Data records Start Marker

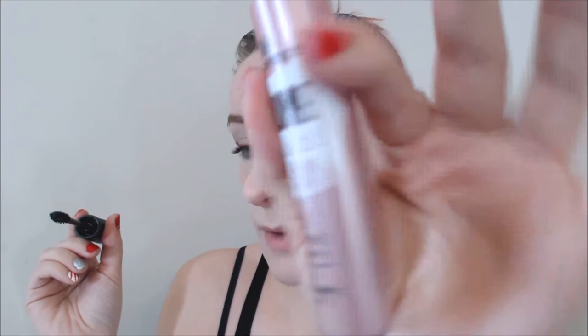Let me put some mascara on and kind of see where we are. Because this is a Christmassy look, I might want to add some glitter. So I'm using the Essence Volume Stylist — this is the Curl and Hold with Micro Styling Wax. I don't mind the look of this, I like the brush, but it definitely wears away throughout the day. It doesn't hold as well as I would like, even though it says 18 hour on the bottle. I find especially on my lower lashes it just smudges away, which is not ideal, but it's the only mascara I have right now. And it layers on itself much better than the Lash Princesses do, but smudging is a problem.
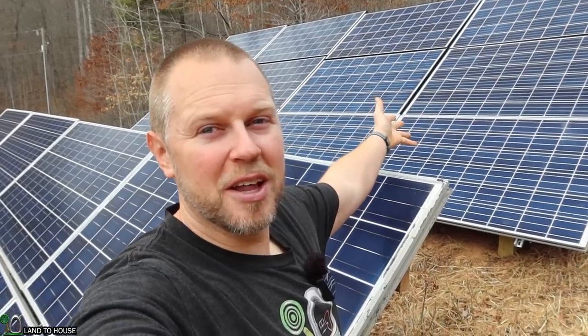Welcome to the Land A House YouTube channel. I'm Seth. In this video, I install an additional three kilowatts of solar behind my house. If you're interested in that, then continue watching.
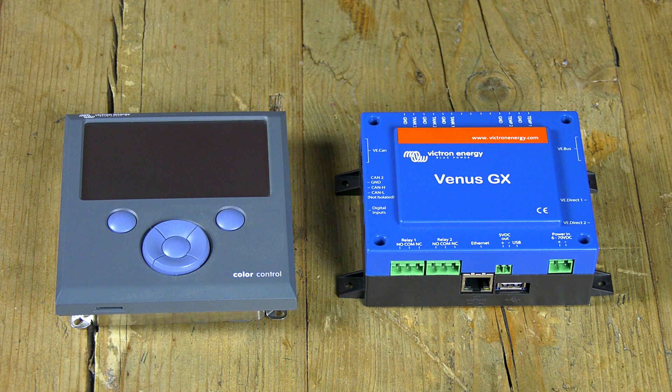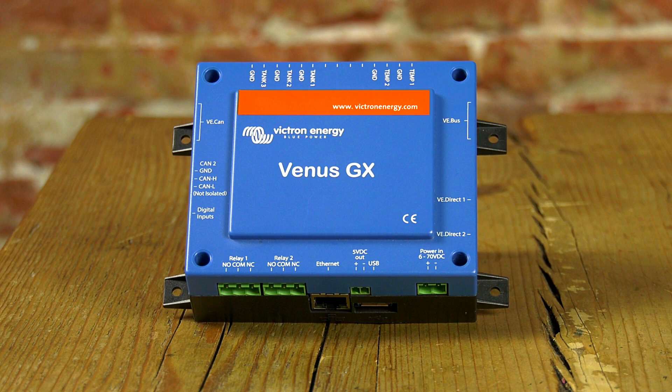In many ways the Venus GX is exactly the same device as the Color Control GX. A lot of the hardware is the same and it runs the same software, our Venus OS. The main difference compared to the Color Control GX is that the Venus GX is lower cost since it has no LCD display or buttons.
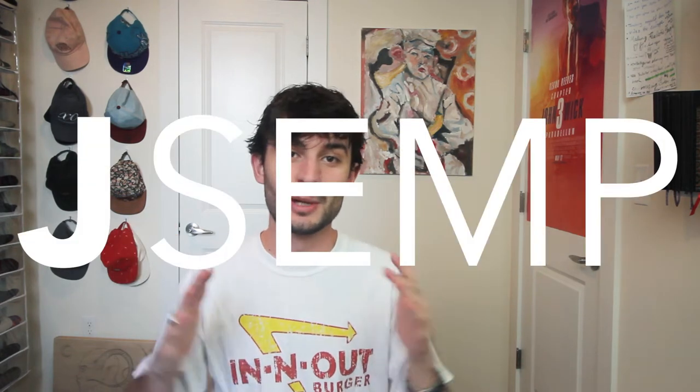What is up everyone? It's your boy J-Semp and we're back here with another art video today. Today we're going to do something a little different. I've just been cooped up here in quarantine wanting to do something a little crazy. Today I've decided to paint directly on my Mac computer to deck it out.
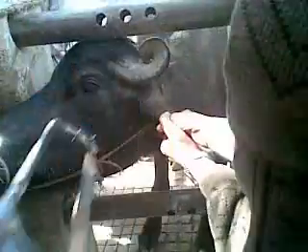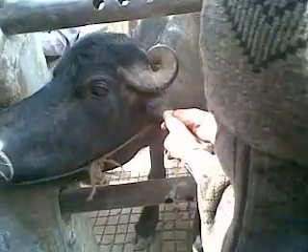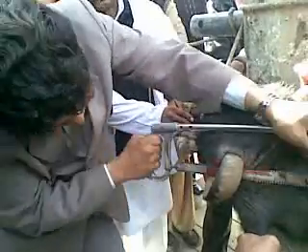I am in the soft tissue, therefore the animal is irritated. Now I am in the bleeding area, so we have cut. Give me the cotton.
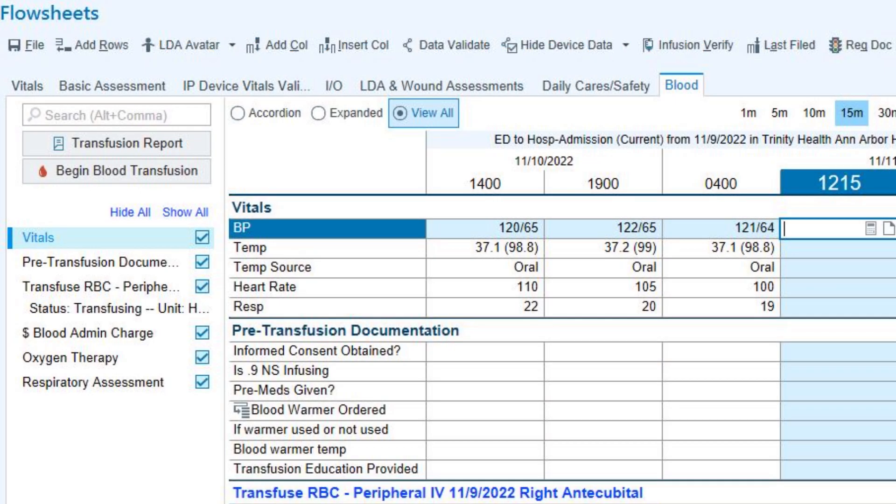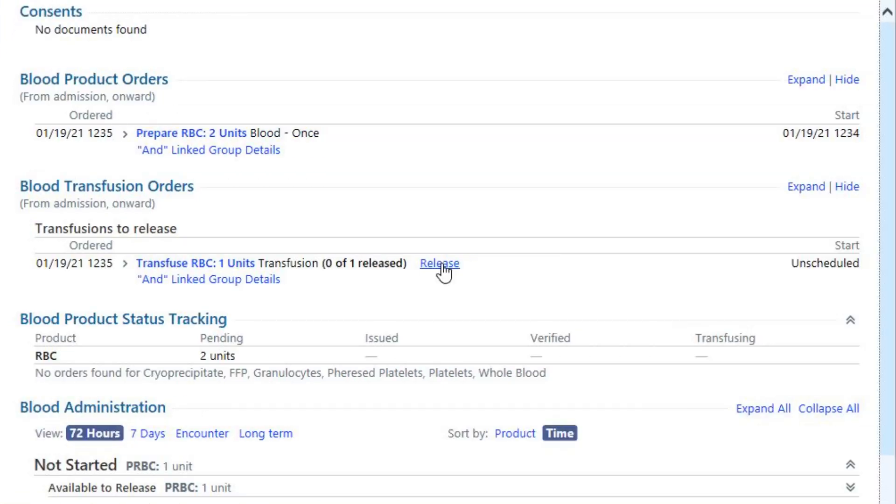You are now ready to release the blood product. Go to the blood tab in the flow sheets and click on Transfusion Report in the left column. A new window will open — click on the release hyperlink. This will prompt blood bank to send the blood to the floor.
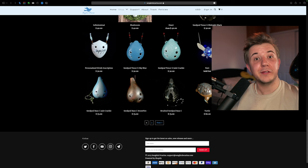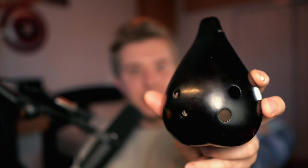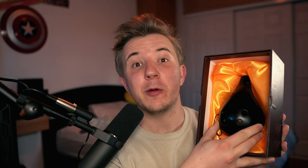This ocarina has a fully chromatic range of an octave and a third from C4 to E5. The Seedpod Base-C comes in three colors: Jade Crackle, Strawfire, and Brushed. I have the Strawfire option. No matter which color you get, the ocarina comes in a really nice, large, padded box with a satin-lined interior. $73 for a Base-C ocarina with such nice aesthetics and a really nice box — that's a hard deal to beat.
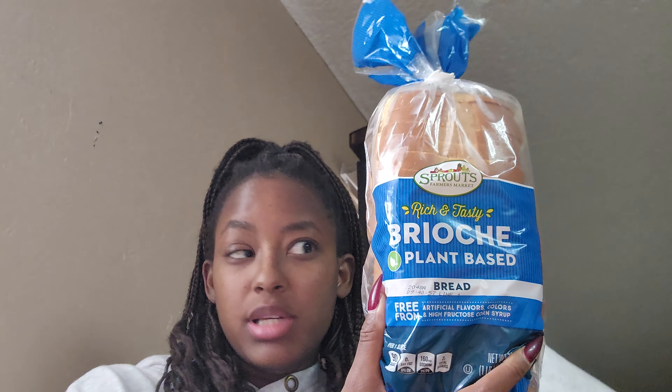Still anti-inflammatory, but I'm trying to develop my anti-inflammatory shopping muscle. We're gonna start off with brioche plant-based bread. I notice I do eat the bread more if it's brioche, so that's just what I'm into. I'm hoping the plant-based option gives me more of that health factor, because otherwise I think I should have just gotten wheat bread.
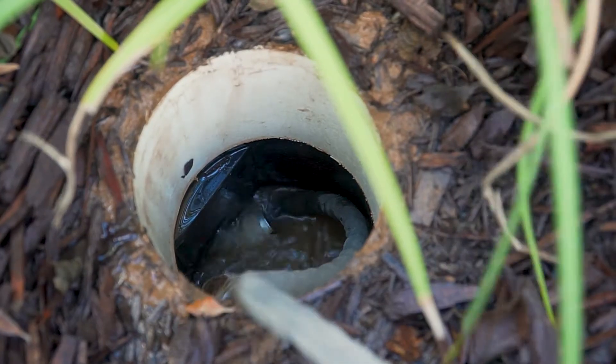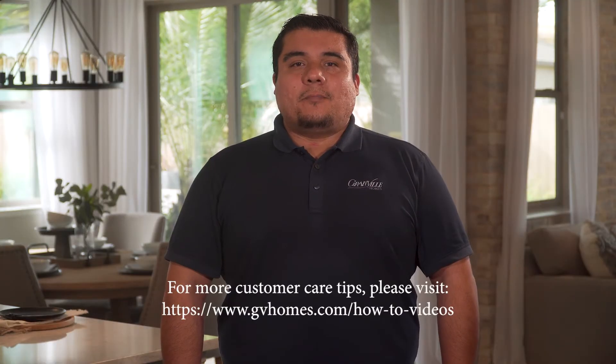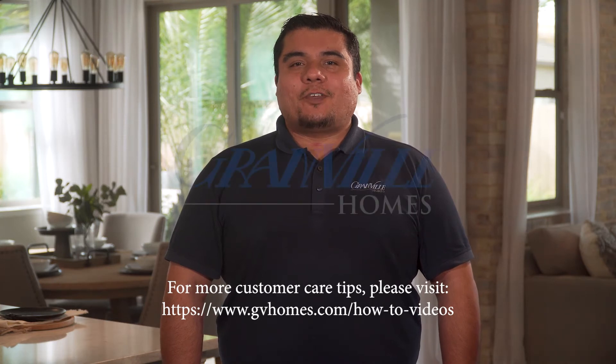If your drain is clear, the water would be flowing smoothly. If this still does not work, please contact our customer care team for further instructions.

Data records End Marker
Data records Start Marker

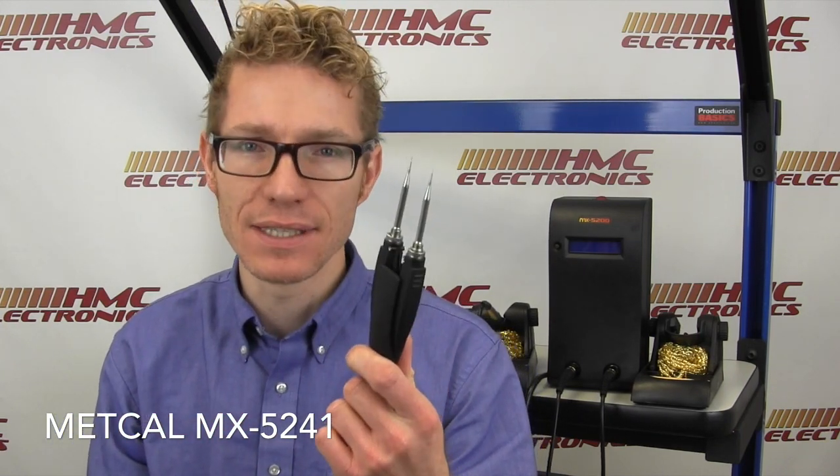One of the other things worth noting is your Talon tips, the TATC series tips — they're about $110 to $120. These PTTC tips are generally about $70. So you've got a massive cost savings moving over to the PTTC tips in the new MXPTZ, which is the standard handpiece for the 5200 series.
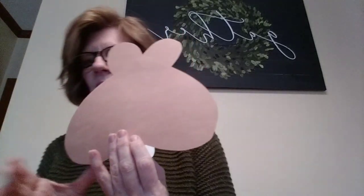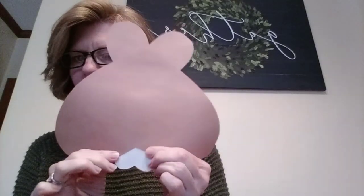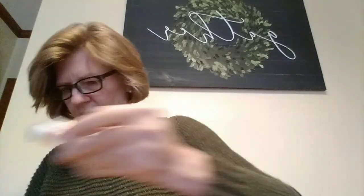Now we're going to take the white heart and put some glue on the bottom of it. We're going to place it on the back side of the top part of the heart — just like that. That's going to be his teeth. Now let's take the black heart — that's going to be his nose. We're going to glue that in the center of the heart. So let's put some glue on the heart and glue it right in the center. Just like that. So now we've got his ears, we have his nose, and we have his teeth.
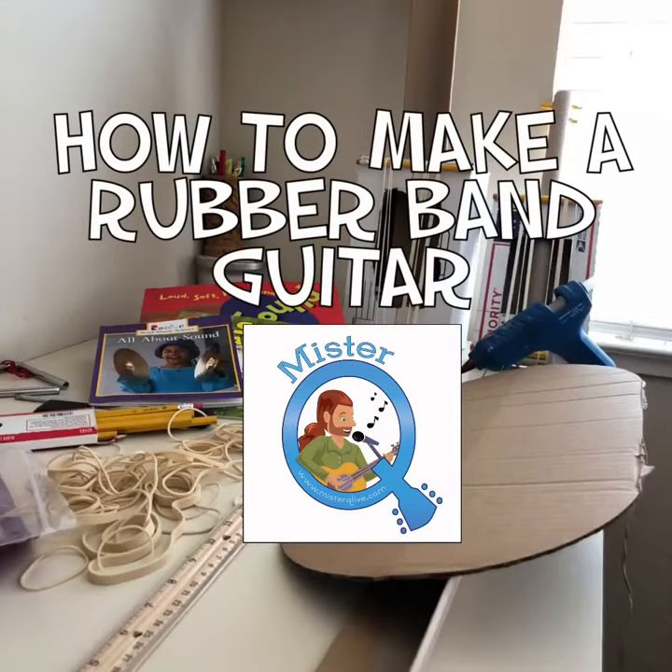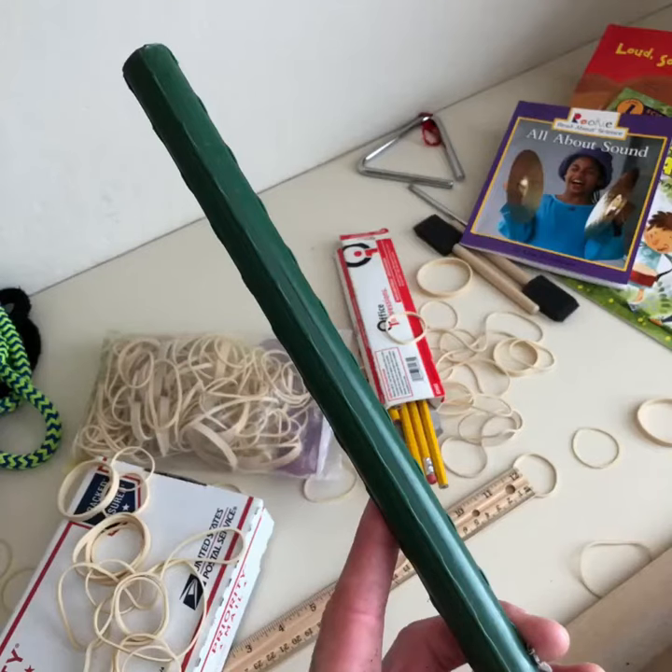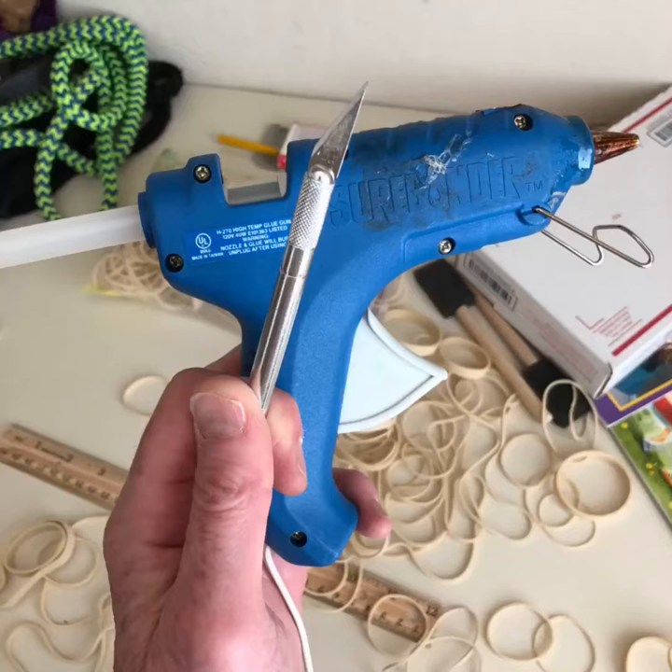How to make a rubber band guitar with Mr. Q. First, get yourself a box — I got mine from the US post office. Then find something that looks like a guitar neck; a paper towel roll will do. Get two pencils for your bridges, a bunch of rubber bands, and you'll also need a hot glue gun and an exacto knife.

Data records End Marker
Data records Start Marker

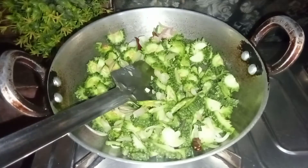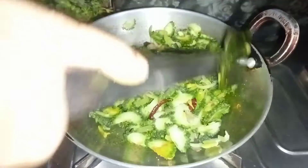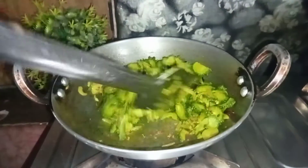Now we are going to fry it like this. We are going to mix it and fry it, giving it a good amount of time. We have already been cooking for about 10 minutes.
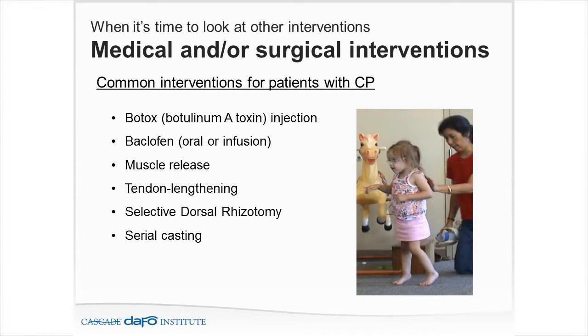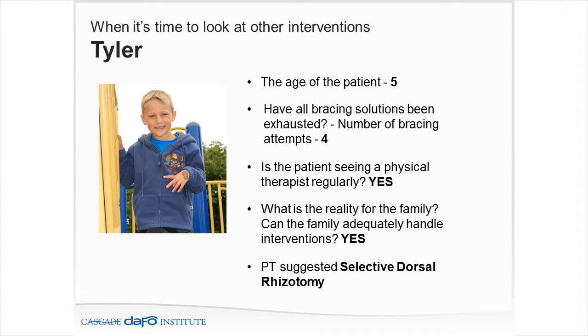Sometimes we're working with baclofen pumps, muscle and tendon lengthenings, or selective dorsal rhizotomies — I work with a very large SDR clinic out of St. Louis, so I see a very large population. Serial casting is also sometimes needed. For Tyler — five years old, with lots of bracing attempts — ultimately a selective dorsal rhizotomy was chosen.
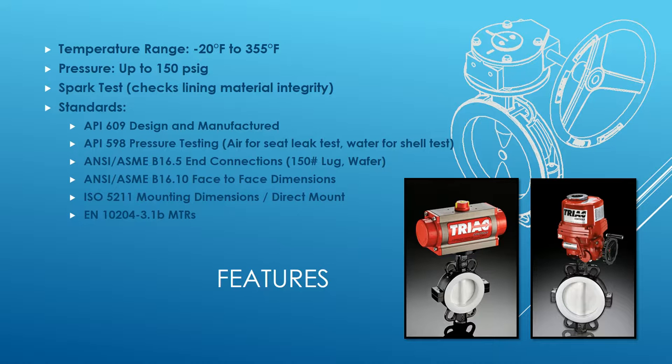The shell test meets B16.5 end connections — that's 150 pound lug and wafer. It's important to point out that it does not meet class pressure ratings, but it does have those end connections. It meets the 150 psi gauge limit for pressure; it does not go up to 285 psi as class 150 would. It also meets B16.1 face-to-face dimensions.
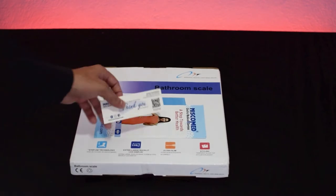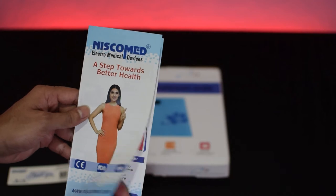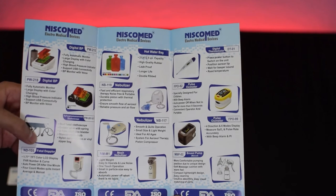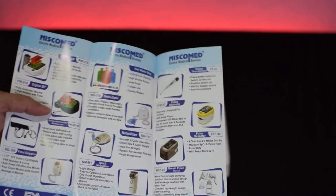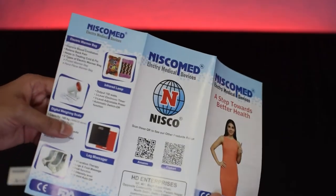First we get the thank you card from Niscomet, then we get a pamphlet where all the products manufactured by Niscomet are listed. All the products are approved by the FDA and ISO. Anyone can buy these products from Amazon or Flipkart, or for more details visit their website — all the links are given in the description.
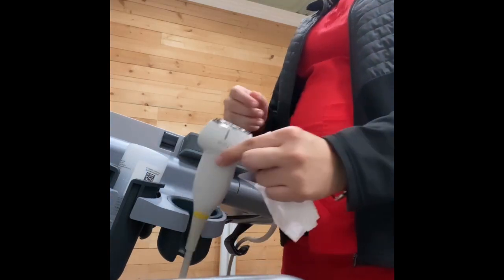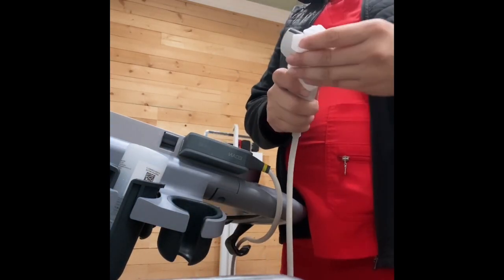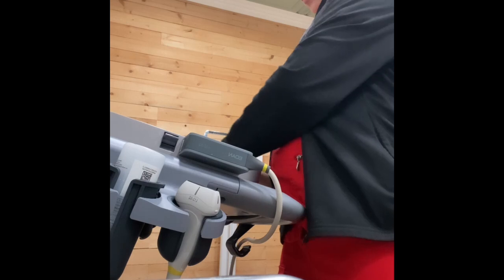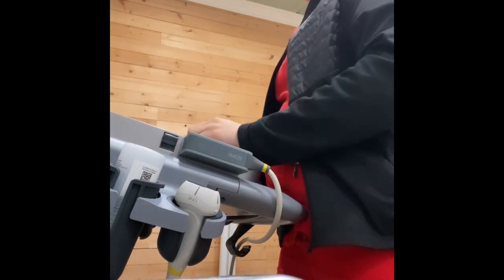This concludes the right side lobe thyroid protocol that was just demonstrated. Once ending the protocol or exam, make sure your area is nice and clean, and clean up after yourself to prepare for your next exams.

Data records End Marker

**Problem description**: Look back at the data above, then output exactly the lines from the line holding "In many ways" up to and including the line holding "I am in the soft". Leave out the pictures.

**Task answer**:
In many ways the Venus GX is exactly the same device as the Color Control GX. A lot of the hardware is the same and it runs the same software, our Venus OS. The main difference compared to the Color Control GX is that the Venus GX is lower cost since it has no LCD display or buttons.
What is up everyone? It's your boy J-Semp and we're back here with another art video today. Today we're going to do something a little different. I've just been cooped up here in quarantine wanting to do something a little crazy. Today I've decided to paint directly on my Mac computer to deck it out.
I am in the soft tissue, therefore the animal is irritated. Now I am in the bleeding area, so we have cut. Give me the cotton.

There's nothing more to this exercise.